Closed Neighborhood Complex

• Closed neighborhood complex is an abstract simplicial complex defined by finite subsets of vertices that lie within the closed neighborhood (vertex and its adjacent vertices) of some vertex.
• It generalizes Lovász’s neighborhood complex by incorporating reflexivity, thereby revealing key topological properties such as contractibility and homotopy equivalences in standard graph families.
• The complex connects graph theory with applied topology, linking concepts like Čech complexes in data analysis and path homology, which broadens its utility in combinatorial and topological studies.

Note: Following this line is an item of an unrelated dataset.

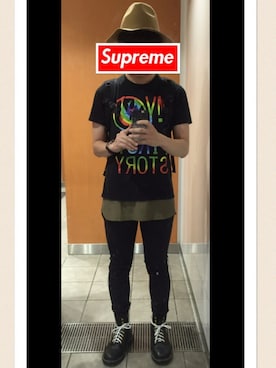 genさんのコーディネート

The closed neighborhood complex $\mathcal{N}[G]$ of a simple graph $G$ is the abstract simplicial complex with vertex set $V(G)$ whose simplices are all finite subsets of $V(G)$ contained in the closed neighborhood of some vertex. Formally, $$\mathcal{N}[G] = \{\sigma \subset V(G) : \#\sigma < \infty$$ and $\exists v \in V(G)$ with $\sigma \subset N_G[v]\}$, where $N_G[v]$ is the set consisting of $v$ together with all vertices adjacent to $v$. This construction generalizes Lovász’s neighborhood complex by incorporating reflexivity, and it provides a topological object closely linked with several classical and contemporary combinatorial, topological, and homological notions (Matsushita, 16 Nov 2025).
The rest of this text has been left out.